> [About this task]:
Your reply should consist solely of the lines from the one containing "Front view of the Idler big love seat by NiX" through the end of the data, restated word for word.

Source data:
'''

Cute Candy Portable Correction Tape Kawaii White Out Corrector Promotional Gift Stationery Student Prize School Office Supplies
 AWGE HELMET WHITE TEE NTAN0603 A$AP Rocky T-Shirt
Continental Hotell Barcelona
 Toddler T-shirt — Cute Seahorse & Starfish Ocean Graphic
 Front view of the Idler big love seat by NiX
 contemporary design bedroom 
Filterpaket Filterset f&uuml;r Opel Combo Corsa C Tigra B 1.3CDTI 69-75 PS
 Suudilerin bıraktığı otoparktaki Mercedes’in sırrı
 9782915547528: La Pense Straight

'''

> [Reply]:
 Front view of the Idler big love seat by NiX
 contemporary design bedroom 
Filterpaket Filterset f&uuml;r Opel Combo Corsa C Tigra B 1.3CDTI 69-75 PS
 Suudilerin bıraktığı otoparktaki Mercedes’in sırrı
 9782915547528: La Pense Straight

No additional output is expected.